Твоя мама! Женщина с бледным лицом и горячими глазами, добрая, любящая и милосердная. Ты говорил, что однажды она привела тебя в синагогу — тайком, скрытно, печально. Как дрожал ты тогда, как плакал, забившись в темный уголок… Как боялся, что один из этих обернутых талесами жидов вдруг заметит тебя и утащит в какую-нибудь ужасную пещеру.
Да и сейчас, я знаю, ты на дух не переносишь евреев. Но знай и ты: по ночам, во сне, твои губы шепчут слова твоей еврейской матери, помнят и хранят ее память. Тяжело мне с тобой, милый Ваня. Ты иноверец — но и немножко еврей.
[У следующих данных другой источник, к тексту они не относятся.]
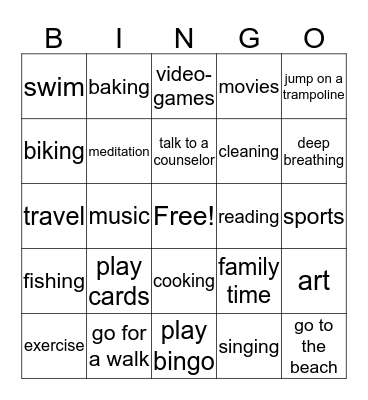 Coping Skills Bingo w Keema & Ash  Bingo Card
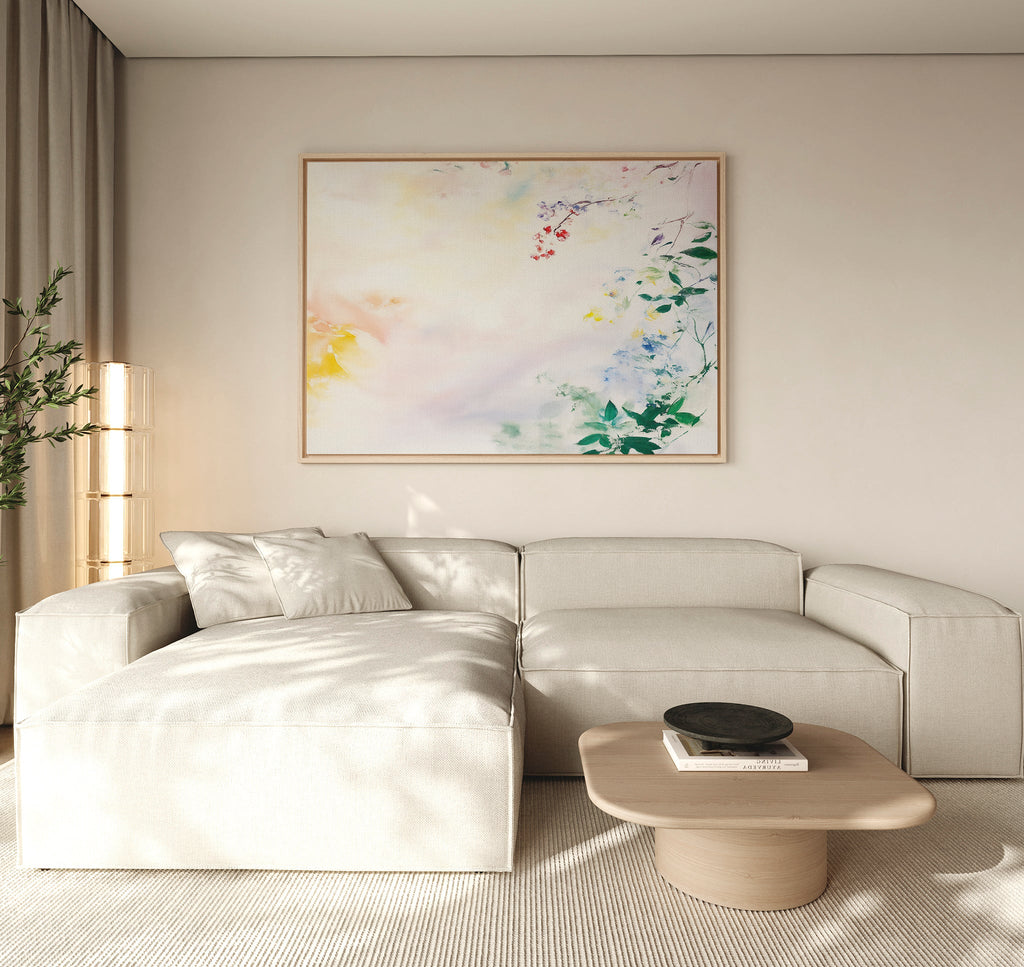 Whispers of Petalfall – blush pink botanical canvas wall art print by Aspire Prints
Но зовут тебя тут не так и не этак: для евреев ты мешумад, что значит выкрест, отребье, презренное существо.
А что касается нашего Володьки…
Так писала своему мужу Сусанна Моисеевна, деликатная еврейская женщина с нежной и тугой грудью, окончившая десять лет тому назад курсы школьных учителей иврита в городе Одессе, известном еврейском месте.